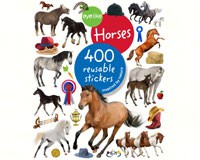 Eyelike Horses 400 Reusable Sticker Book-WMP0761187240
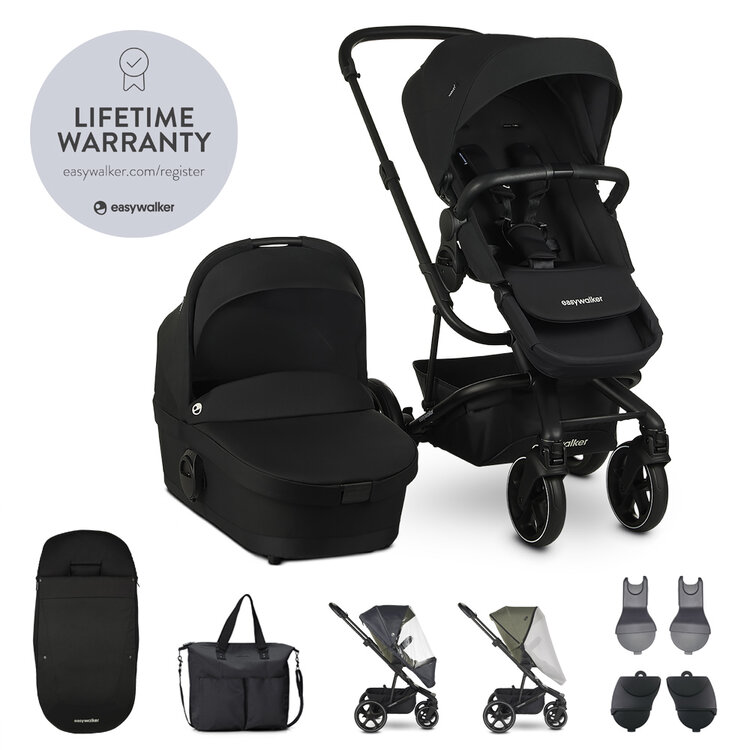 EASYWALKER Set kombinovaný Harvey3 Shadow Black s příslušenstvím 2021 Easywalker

--

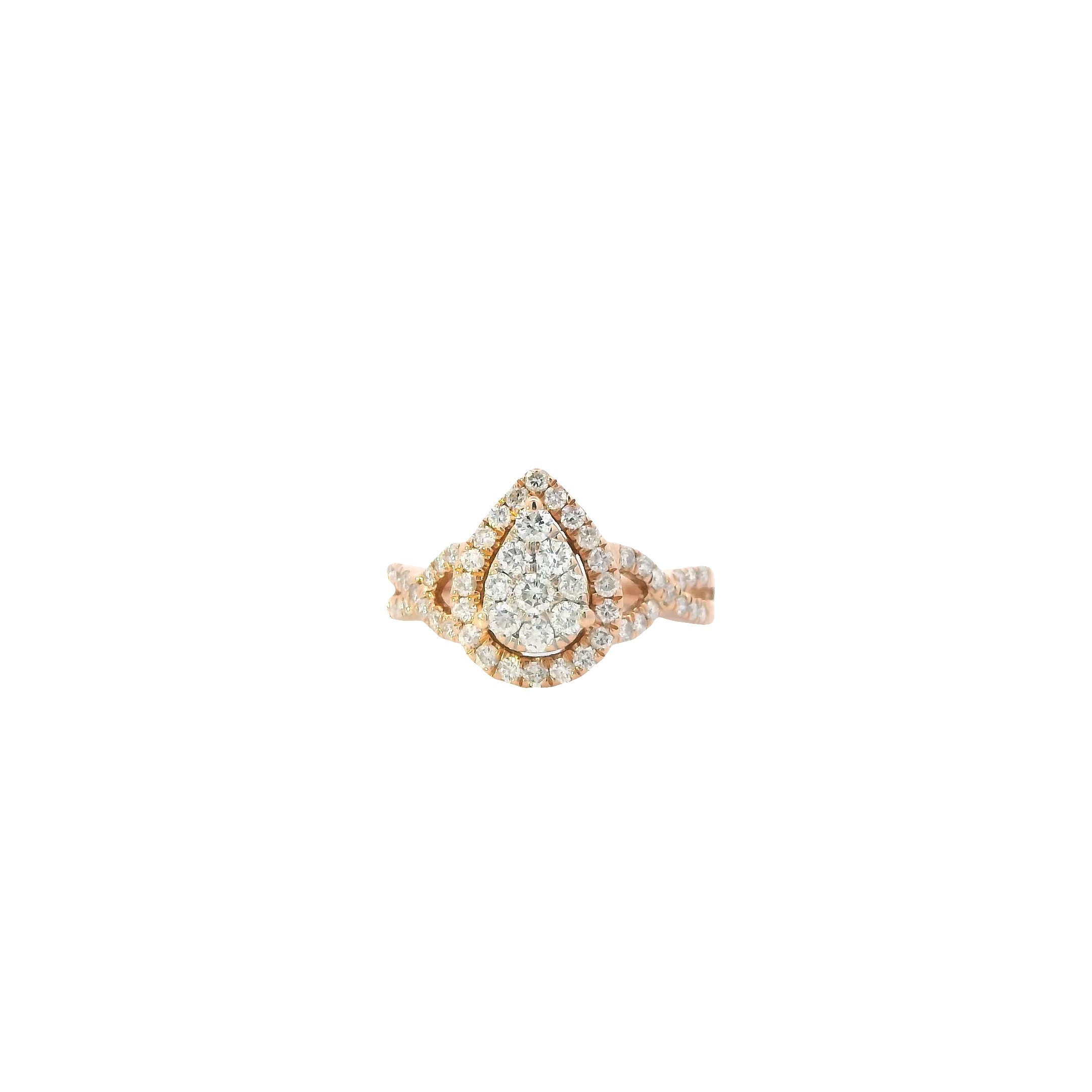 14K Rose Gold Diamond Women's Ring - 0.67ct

* * *

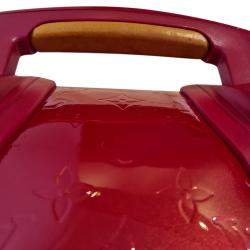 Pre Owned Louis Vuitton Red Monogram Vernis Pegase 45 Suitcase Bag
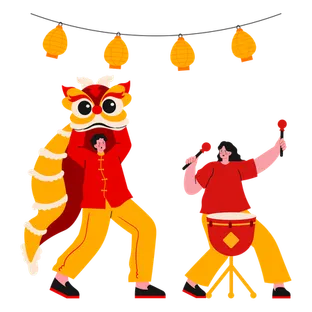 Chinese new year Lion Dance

§ Work to complete
Please print the lines above word for word, starting at the one with "Pre Owned Louis" and ending at the one with "Chinese new year Lion Dance", both included, and without any picture.

§ Task output
 Pre Owned Louis Vuitton Red Monogram Vernis Pegase 45 Suitcase Bag
 Chinese new year Lion Dance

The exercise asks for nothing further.